___ Excerpted data

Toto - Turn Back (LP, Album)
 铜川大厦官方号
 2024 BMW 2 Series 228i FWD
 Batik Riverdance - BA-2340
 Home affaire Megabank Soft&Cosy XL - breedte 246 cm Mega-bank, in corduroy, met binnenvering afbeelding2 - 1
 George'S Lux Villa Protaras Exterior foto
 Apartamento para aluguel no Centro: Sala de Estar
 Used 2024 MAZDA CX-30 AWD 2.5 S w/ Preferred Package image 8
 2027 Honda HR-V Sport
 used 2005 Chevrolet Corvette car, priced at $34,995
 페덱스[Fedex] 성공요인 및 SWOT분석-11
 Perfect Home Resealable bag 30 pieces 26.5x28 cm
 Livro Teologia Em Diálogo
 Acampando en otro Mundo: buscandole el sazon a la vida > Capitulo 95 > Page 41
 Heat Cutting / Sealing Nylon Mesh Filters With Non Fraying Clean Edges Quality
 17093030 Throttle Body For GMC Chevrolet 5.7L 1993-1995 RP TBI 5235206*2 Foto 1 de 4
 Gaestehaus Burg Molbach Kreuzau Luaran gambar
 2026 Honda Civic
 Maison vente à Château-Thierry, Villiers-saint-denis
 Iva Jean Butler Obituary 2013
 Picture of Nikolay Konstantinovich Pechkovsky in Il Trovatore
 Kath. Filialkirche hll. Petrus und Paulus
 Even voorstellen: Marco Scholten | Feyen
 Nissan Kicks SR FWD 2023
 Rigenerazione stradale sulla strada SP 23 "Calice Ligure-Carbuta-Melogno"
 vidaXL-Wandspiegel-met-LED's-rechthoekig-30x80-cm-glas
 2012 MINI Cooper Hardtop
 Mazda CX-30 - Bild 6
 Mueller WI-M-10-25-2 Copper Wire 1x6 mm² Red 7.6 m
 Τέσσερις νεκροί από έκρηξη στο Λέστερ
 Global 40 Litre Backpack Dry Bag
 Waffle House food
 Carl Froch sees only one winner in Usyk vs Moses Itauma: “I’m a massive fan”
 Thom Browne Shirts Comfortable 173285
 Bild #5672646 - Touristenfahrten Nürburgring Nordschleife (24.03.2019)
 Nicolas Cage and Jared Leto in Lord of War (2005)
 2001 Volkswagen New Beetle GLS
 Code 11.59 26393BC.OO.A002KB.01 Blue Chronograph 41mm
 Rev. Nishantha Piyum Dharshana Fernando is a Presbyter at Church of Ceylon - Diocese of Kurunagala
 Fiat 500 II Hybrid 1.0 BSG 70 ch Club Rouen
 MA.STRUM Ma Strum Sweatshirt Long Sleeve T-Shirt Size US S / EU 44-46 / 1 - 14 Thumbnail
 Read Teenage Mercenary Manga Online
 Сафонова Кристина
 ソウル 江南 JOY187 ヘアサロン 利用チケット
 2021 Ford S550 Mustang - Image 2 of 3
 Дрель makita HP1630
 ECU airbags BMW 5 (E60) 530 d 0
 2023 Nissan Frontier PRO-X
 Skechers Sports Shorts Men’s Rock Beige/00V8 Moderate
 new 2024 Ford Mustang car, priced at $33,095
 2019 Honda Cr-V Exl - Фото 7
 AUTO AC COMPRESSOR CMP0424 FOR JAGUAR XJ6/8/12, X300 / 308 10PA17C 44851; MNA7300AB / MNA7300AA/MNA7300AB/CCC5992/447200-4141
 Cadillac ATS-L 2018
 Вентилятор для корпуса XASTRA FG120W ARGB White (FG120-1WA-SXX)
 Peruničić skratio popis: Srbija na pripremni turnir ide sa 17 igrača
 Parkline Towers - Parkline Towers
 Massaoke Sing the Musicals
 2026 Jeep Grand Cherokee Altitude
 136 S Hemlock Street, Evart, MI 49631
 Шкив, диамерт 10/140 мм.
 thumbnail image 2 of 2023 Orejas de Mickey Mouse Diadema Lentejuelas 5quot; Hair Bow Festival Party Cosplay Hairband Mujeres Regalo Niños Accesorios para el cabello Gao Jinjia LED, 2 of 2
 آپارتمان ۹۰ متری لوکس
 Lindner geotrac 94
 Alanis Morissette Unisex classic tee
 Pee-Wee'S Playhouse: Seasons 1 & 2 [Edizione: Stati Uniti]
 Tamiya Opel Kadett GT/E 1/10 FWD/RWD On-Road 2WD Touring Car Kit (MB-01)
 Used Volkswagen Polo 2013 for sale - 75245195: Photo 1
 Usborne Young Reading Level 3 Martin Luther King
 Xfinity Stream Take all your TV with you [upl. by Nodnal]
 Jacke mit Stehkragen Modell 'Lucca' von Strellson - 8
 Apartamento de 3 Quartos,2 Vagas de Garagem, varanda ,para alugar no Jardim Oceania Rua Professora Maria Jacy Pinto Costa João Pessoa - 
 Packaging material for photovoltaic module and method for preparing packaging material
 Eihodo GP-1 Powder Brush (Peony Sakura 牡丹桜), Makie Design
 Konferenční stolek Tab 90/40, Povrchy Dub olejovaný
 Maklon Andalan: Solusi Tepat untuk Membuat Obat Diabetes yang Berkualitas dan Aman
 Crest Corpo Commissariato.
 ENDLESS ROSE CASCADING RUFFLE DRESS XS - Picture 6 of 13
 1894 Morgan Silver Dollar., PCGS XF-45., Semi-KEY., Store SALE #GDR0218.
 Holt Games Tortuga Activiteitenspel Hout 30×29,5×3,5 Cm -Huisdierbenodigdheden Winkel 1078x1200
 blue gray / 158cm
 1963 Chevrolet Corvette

______

> [Required action] Can you write out the lines above, from the first one through the one containing "Heat Cutting /", exactly as they appear and nothing more?

> [Result below]
Toto - Turn Back (LP, Album)
 铜川大厦官方号
 2024 BMW 2 Series 228i FWD
 Batik Riverdance - BA-2340
 Home affaire Megabank Soft&Cosy XL - breedte 246 cm Mega-bank, in corduroy, met binnenvering afbeelding2 - 1
 George'S Lux Villa Protaras Exterior foto
 Apartamento para aluguel no Centro: Sala de Estar
 Used 2024 MAZDA CX-30 AWD 2.5 S w/ Preferred Package image 8
 2027 Honda HR-V Sport
 used 2005 Chevrolet Corvette car, priced at $34,995
 페덱스[Fedex] 성공요인 및 SWOT분석-11
 Perfect Home Resealable bag 30 pieces 26.5x28 cm
 Livro Teologia Em Diálogo
 Acampando en otro Mundo: buscandole el sazon a la vida > Capitulo 95 > Page 41
 Heat Cutting / Sealing Nylon Mesh Filters With Non Fraying Clean Edges Quality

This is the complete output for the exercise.